The music to "Word of God Speak" is stripped down, featuring piano and vocals; a string track is also present. The simple production was intended to mirror the lyrics of the song, which reflect on the concept that it is impossible to speak of an infinite God with the limited vocabulary of humanity. A critic, Russ Breimier, also noted the song reminds that "prayer and worship are not flowery orations".

==Critical reception==
On his review of Spoken For, Russ Breimeier commented that "I particularly liked the brief "Word of God Speak," which simply reminds us that prayer and worship aren't about flowery orations... This song is to prayer what "Heart of Worship" is to worship".

"Word of God Speak" won the awards for Song of the Year and Pop/Contemporary Song of the Year at the 35th GMA Dove Awards.

==Chart performance==
"Word of God Speak" peaked at number one on the Billboard Christian Songs chart, and spent 23 weeks at the top of the chart, and a total of 76 weeks on the chart. On the Billboard Hot Christian AC chart, the song spent 21 weeks atop the chart, and spent 61 weeks on it in total. On the Radio & Records Christian AC chart, "Word of God Speak" spent 10 weeks at the top, and stayed on the chart for 46 weeks in total; on the Radio & Records INSPO chart, the song spent nine weeks atop the chart, and spent 21 weeks on it in total.

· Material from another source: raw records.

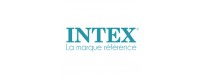 Intex Teile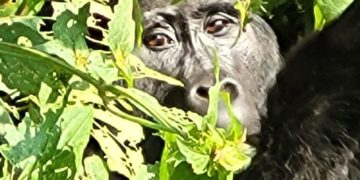 Vortrag: „Von den Berggorillas zur Küste Kenias“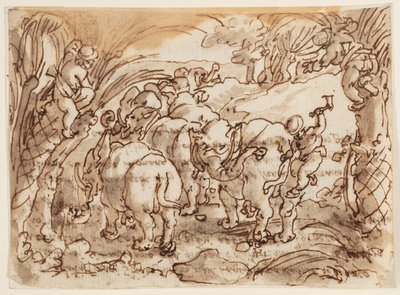 Rechte Seite: Elefanten von Troglodyten gejagt; Rückseite: Inschrift zu Plinius des Älteren Naturgeschichte, Buch 8, Kapitel 8 von Jan van der Straet, called Stradanus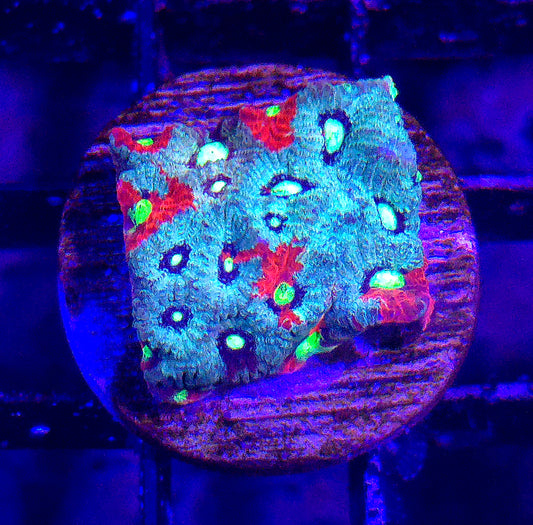 War Coral WYSIWYG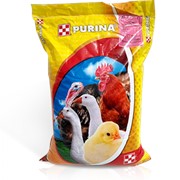 Комбикорм Purina для цыплят-бройлеров «Стартер» фото
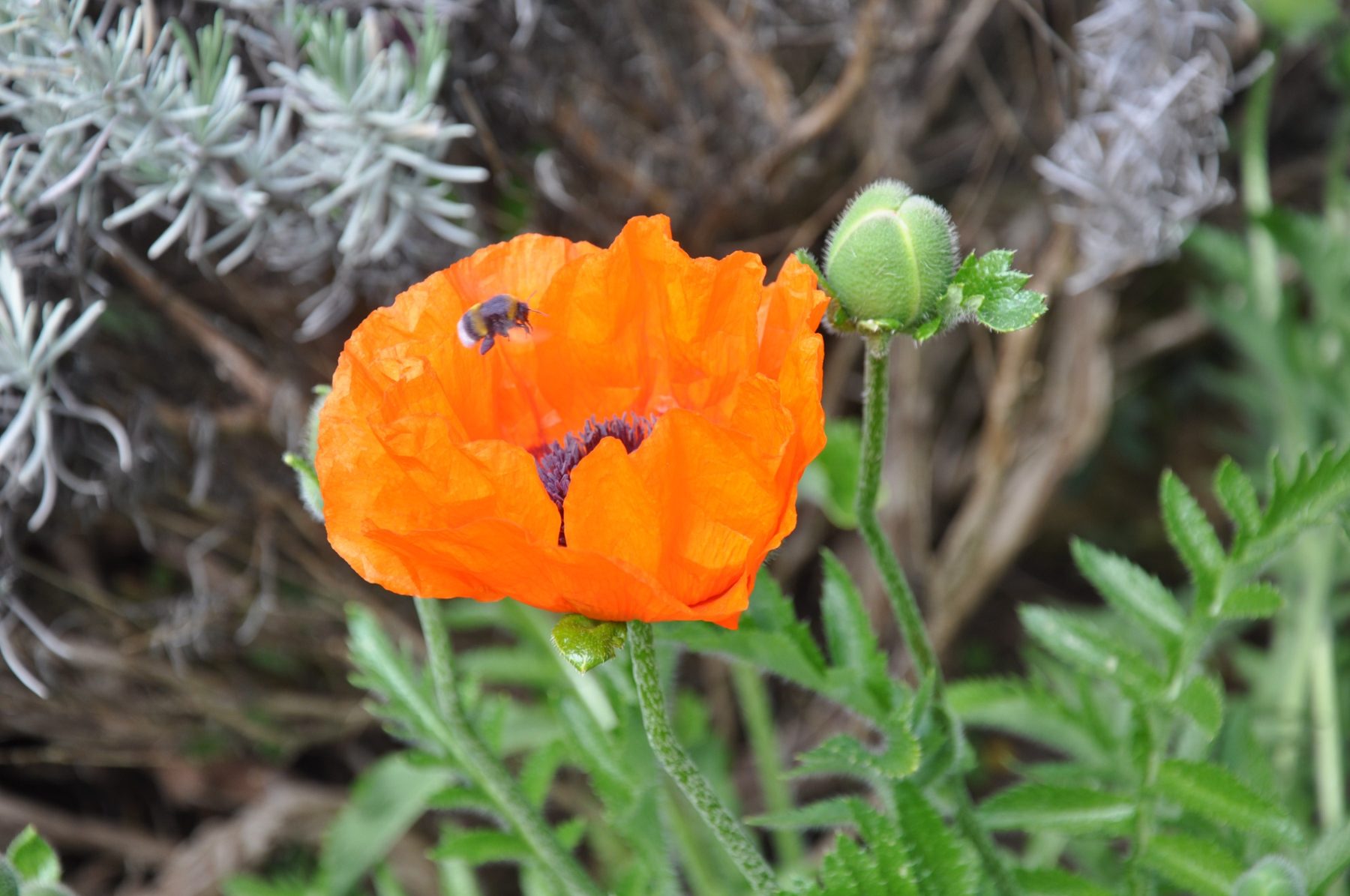 Fleur orange et nature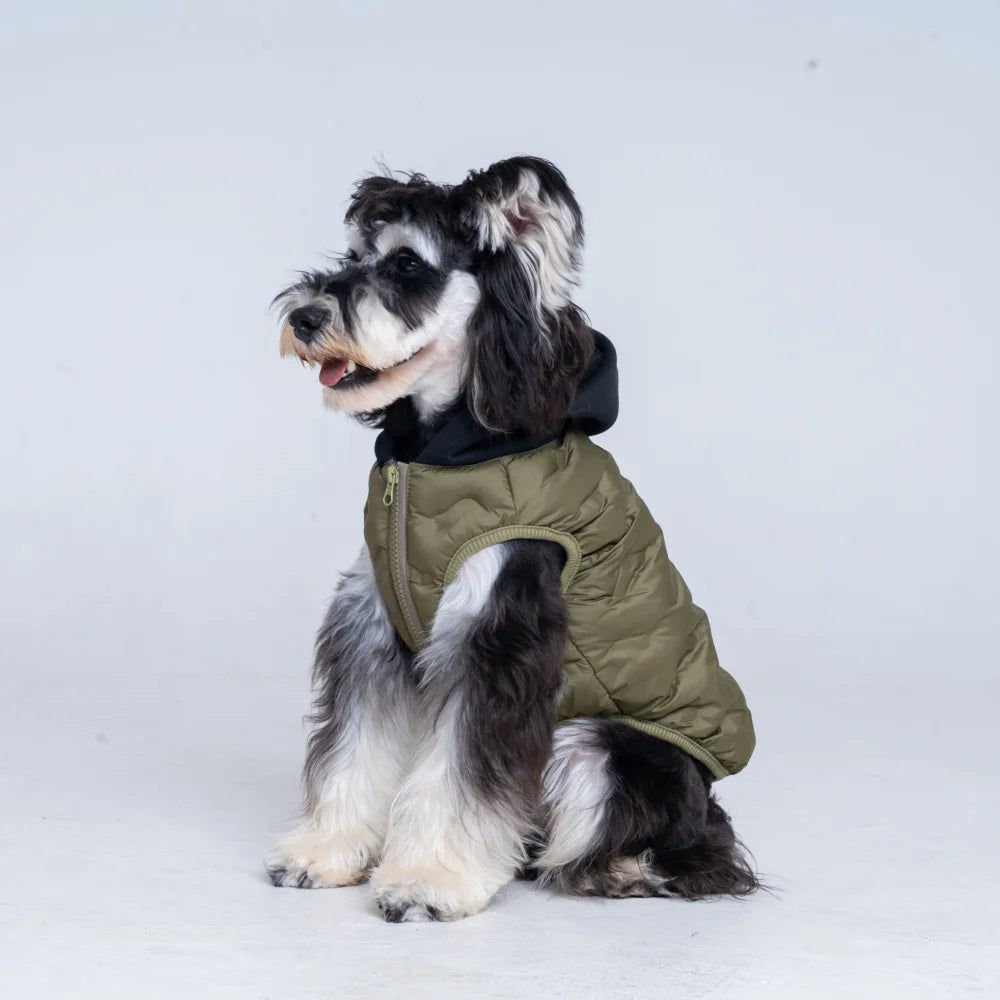 Puppy dog Jacket and Dog Vest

Additionally, the song peaked at No. 25 on the Radio & Records Christian CHR chart, and spent 12 weeks on that chart in total.

"Word of God Speak" ranked at No. 5 on the 2004 year-end Billboard Hot Christian Singles & Tracks Titles chart, and at No. 9 on the 2004 year-end Billboard Hot Christian Adult Contemporary Titles chart. It ranked at No. 1 on both the 2000s decade-end Christian Songs chart and the 2000s decade-end Hot Christian AC chart. It was later certified Platinum by RIAA in 2026.

==Cover versions==
"Word of God Speak" has been covered by several artists. In 2005, actress Kristin Chenoweth covered the song on her album As I Am, and Christian rock band Kutless recorded a version of the song on their 2005 album Strong Tower. In 2004, contemporary Christian band Big Daddy Weave recorded a version of the song that was included on the compilation album WOW Worship: Red.

==Track listing==
- CD release
1. "I Can Only Imagine" – 4:08 (Bart Millard)
2. "Word of God Speak" – 3:07 (Peter Kipley, Millard)

== Personnel ==
Credits adapted from the album liner notes.

MercyMe
- Bart Millard – lead vocals
- Jim Bryson – keys, recording

Additional performers
- Roy G. Biv String Vibe - strings

Production
- Csaba Petozz - recording
- J. R. McNeely - recording
- Lee Bridges - recording
- Richard Dodd - mastering
- Salvo - mixing

==Charts==

===Weekly charts===

Weekly chart performance for "Word of God Speak"
| Chart (2003) | Peak position |
|---|---|
| US Christian AC Airplay (Billboard) | 1 |
| US Christian AC Airplay (R&R) | 1 |
| US Christian CHR (R&R) | 25 |
| US Christian Inspo (R&R) | 1 |
| US Hot Christian Songs (Billboard) | 1 |

===Year-end charts===

Year-end chart performance for "Word of God Speak"
| Chart (2003) | Position |
|---|---|
| US Christian AC Airplay (Billboard) | 1 |
| US Hot Christian Songs (Billboard) | 1 |
| Chart (2004) | Position |
| US Christian AC Airplay (Billboard) | 9 |
| US Hot Christian Songs (Billboard) | 5 |

===Decade-end charts===

Decade-end chart performance for "Word of God Speak"
| Chart (2000s) | Position |
|---|---|
| US Christian AC Airplay (Billboard) | 1 |
| US Hot Christian Songs (Billboard) | 1 |

== Certifications ==

| Region | Certification | Certified units/sales |
| United States (RIAA) | Platinum | 1,000,000^{‡} |
^{‡} Sales+streaming figures based on certification alone.